Hmm I just tried your workflow and it works for me, also with 2GB Xmx settings. However in that workflow I am just reading the 1500.txt file (I don't have the others). I assume it is one of your files that causes the Flat File Reader some troubles. Can you put each of your files in a separate directory and read the files from these directories with different Flat File Readers. You can concatenate the data tables with the Concatenate node afterwards. Then you see which files can be parsed and which cause problems.

Cheers, Kilian

Thanks Kilian for reply. Actually other files are bigger than this even this one is not working then how could others work? I have Core2 laptop with 4 GB memory with Windows 7 OS. I dont know why its not working? I tested a small file like 2.7 kb and it worked.

Best Wishes

Alam

It is not necessarily the file size it is more the structure of the text that might cause problems. When the strings are conerted into documents tokenization (word and sentence) is applied. Therefore openNLP tokenizer model are used.
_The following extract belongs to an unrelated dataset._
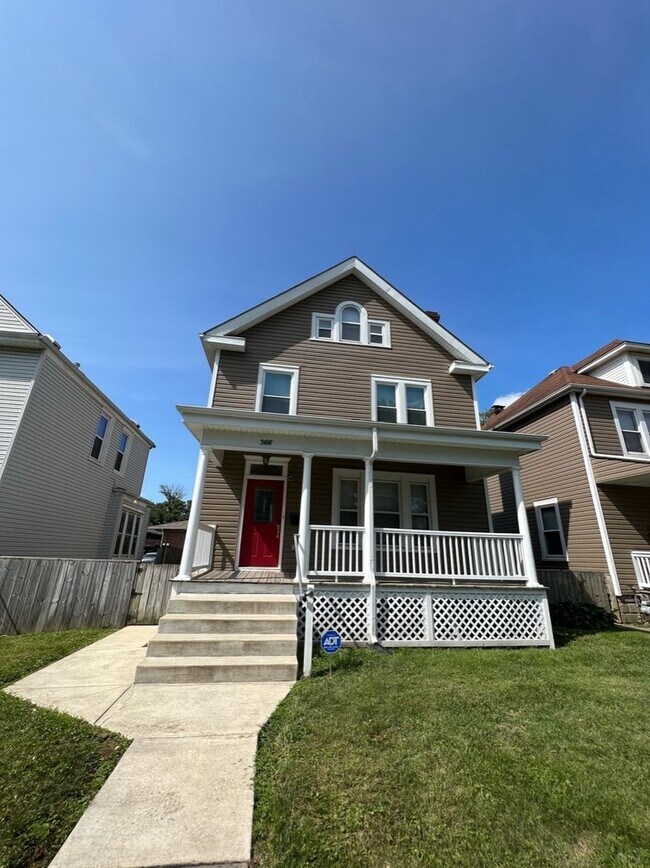 Building Photo - 4 BED 3 BATH HOUSE AVAILABLE! STUDENT HOUSING AVAILABLE FOR 2026-2027 SCHOOL YEAR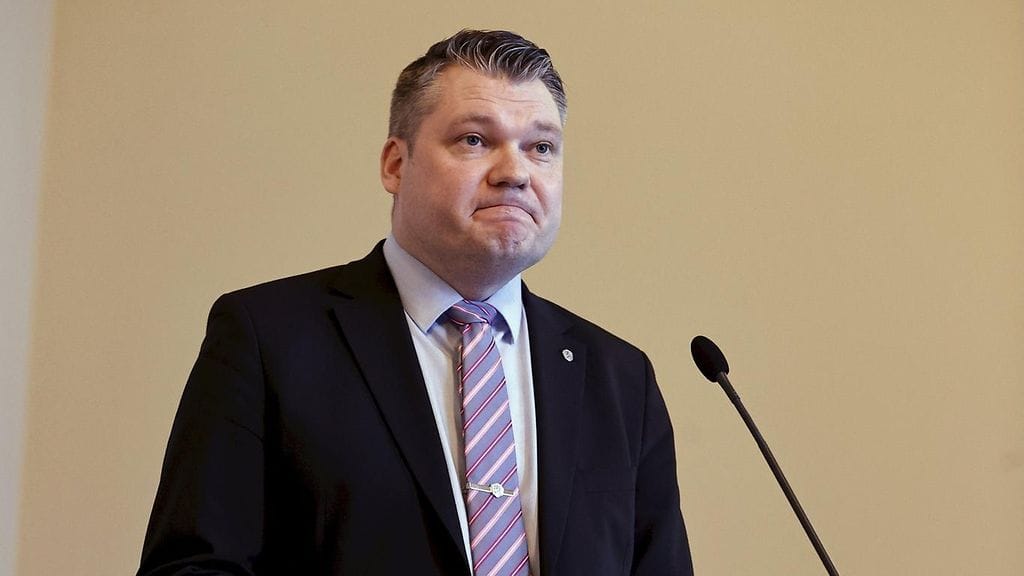 Puolustusministeri Savolan (kesk.) mukaan samanaikainen eteneminen Ruotsin kanssa on ensisijainen tavoite.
If the text is not structured like natural language text, e.g. there are not periods in the text, the sentence tokenizer mode might have problems.

The file that you shared is working on my machine with just 2GB heap for KNIME. I assume the problem is caused by another file.

Cheers, Kilian

Hi Kilian. 

What version of Knime you are using?

Best wishes

Alam

I could read your file using 3.0.1. With 3.1 it is working as well.

Cheers, Kilian
 

Thanks a lot Kilian.

 

Best wishes

Alam